In May 2014, legislation was passed to give the NSW Ombudsman an important new role to monitor and assess the delivery of designated Aboriginal programs in NSW, beginning with OCHRE – Opportunity, Choice, Healing, Responsibility, Empowerment – the NSW Government’s plan for Aboriginal affairs, which commenced on 5 April 2013.
This special report to Parliament comprehensively details our assessment of OCHRE over the past five years. It follows on from our 2016 special report to Parliament, Fostering economic development for Aboriginal people in NSW, which informed the development under OCHRE of the Aboriginal Economic Prosperity Framework. We have also published our progressive observations about the implementation of OCHRE in four successive annual reports.
As we detail in Chapter 1, we employed a comprehensive methodology to inform our findings and recommendations.

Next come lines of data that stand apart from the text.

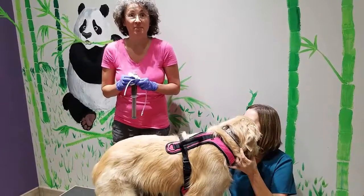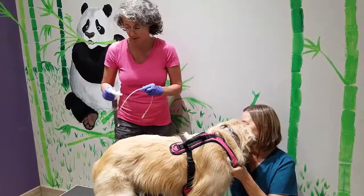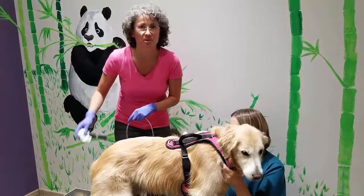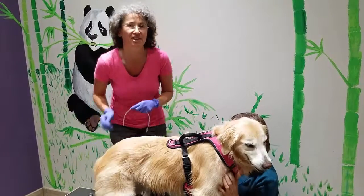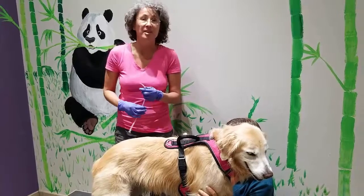I'm doing a fecal transplant on my good friend Willow here. I just want to show you how it works because I get a lot of questions from different people about needing sedation and it being painful or difficult for the animal, but it really is not.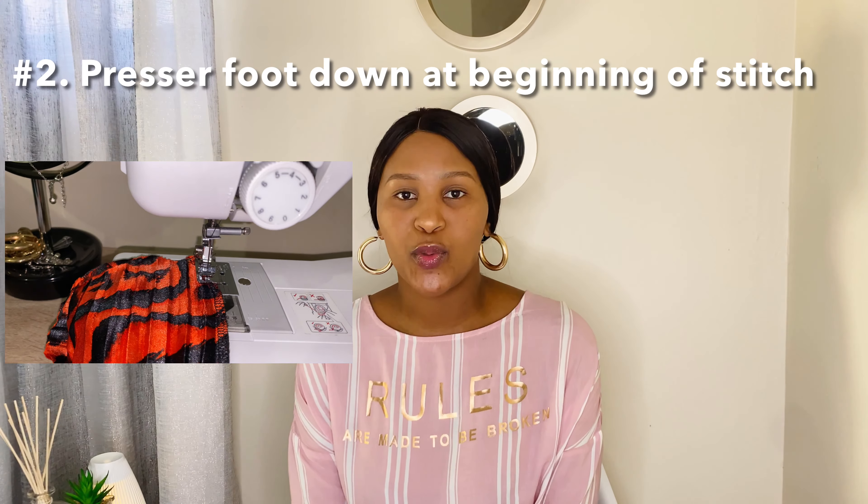Number one on my list: switch on the machine. I know this sounds crazy, but I've done this mistake so many times — only to realize like three minutes in that the machine is off. The first thing I'd think was maybe I didn't thread it up properly, whereas in actual fact the machine was just off.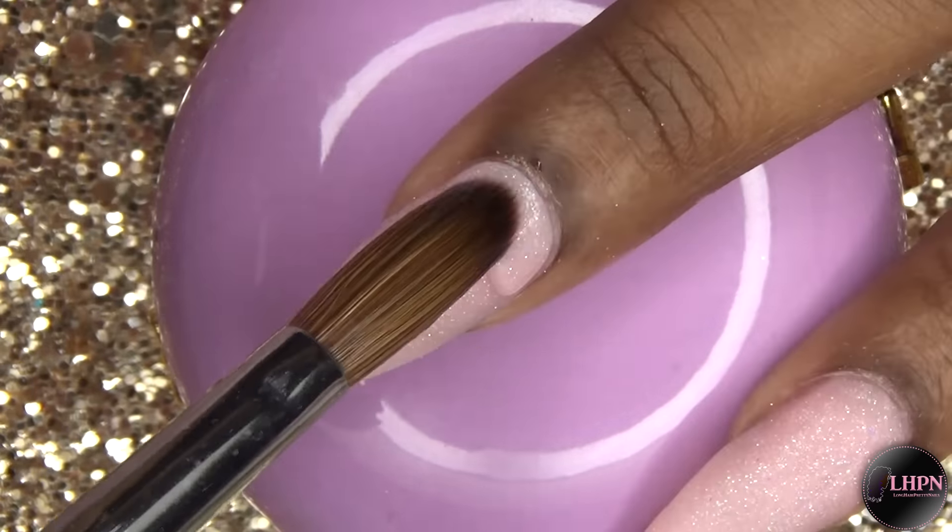For my 3D flowers, I use these colored acrylics from Banggood.com. I'm using my Kolinsky 3D brush from Banggood.com to create my 3D flowers. This brush has become my absolute favorite as far as 3D brushes go — the tip stays pointed so I don't have to twirl it and form it. It just stays like that, which is a big help.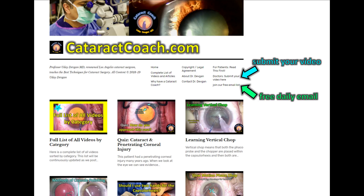Important lesson. Check out CataractCoach.com for even more important lessons. Sign up for the free daily email — we'll send you a video like this right to your inbox. You don't have to search on YouTube. Check it out.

As is always the case with our work examining government service delivery to Aboriginal communities, the most valuable source of both evidence and innovative solutions came from Aboriginal community leaders living in those locations where OCHRE initiatives were operating, who generously gave us their time and insights during our visits to their communities.
We also wish to acknowledge the dedication and commitment shown by Aboriginal Affairs staff who have provided our office with significant information and advice about the implementation of OCHRE over the past five years, as well as executive and frontline staff from other departments and non-government organisations directly involved in implementing OCHRE initiatives, particularly key personnel from the Departments of Education and Premier and Cabinet.
In 2018, the NSW Government announced its intention to ‘refresh’ OCHRE, a process which is likely to take place next year. This report is intended to inform the future of OCHRE by making recommendations aimed at strengthening the delivery and impact of each initiative, and the related governance structures underpinning the overall plan. We also set out what OCHRE has achieved for Aboriginal communities so far, the challenges yet to be addressed, and what else is needed to drive and monitor better social and economic outcomes for Aboriginal people in NSW.